Well it’s been a long time coming, but the long-awaited TV stand is finally a reality… much as it pains me to use “reality” and “TV” in the same sentence.
It’s posing here under the living-room window to show off its shiny finish, but obviously this is not its final home. It needs to go into the corner, but not until I dismantle all the existing devices and make room for it… which I’m avoiding doing even as I type this.
The piece is made from walnut-veneered material, with solid walnut base, trim, and accents. It’s a pretty straightforward case design, employing biscuit joinery for the flat pieces, and just glue for the edge trim. The base is attached with pocket screws. During the design process, I decided that providing a shelf was not going to be necessary, based on our components that are going in here, it will be better to just stack them. If I change my mind again, it should be simple enough to add a shelf.

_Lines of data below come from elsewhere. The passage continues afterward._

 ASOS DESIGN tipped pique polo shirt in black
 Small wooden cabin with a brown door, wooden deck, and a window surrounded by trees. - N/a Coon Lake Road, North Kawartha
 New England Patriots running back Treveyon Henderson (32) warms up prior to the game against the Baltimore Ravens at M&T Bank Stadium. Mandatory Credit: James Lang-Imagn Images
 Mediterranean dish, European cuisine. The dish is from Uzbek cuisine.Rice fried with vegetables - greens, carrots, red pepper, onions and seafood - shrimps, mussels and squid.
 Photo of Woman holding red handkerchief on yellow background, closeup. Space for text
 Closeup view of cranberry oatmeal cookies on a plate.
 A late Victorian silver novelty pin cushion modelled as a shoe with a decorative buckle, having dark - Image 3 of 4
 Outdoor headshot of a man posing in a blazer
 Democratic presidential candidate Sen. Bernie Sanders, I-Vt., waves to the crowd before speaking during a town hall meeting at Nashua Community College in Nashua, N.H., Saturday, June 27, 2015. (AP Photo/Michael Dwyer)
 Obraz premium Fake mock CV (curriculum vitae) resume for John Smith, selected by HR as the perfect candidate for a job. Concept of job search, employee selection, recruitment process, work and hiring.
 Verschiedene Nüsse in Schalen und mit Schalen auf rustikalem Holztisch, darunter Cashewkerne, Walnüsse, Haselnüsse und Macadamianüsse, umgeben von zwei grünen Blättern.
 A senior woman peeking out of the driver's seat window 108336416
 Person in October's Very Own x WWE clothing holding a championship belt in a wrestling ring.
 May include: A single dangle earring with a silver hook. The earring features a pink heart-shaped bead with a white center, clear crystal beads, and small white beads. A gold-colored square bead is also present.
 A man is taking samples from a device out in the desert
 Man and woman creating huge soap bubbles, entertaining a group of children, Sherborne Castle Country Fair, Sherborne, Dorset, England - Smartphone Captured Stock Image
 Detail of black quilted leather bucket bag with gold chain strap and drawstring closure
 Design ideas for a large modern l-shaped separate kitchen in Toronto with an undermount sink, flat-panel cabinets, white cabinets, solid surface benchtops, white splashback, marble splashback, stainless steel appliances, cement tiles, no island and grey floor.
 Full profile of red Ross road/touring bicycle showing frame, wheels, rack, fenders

The piece had some walnut stain applied… long story… I noticed too late that there was some funky stuff going on with one of the side pieces, where the veneer was allowing the underlying particle board to show through. I attempted to fix this with stain, but this was not successful at hiding the problem. So what I came up with was to apply a flat panel of solid walnut to each side, left unstained to let it stand out as an accent piece. Looks okay, I think. I’m still worried that wood movement may cause the accent panels to become unstuck from the sides, but I’ll deal with that when and if…
I made the base with a pretty standard arched cutout to form “feet” at the corners. The base pieces are solid walnut, mitered at the corners, with the arch feature on all four pieces. When considering the back of the case, which is just 1/4″ hardboard painted black, I wanted to leave holes for ventilation at the top, and wires at the bottom. Rather than just drill the usual holes for this, I elected to repeat the arch detail of the base. I made four cutouts, two top and two bottom, to allow for feeding wires to both sides, and for air movement. You can only see the bottom ones in the photos.
Finally, I should talk about the edge trim. It’s solid walnut, just with simple 1/4″ roundovers on the three vertical pieces, but for the top and bottom I wanted something a bit more substantial. By using a full one-inch piece, I was able to “wrap” it around the edge, providing way more glue surface, as well as support from underneath, making it safer to grab and lift the finished piece without the trim ripping off. And of course it gives the illusion that the top and bottom are themselves a full inch thick.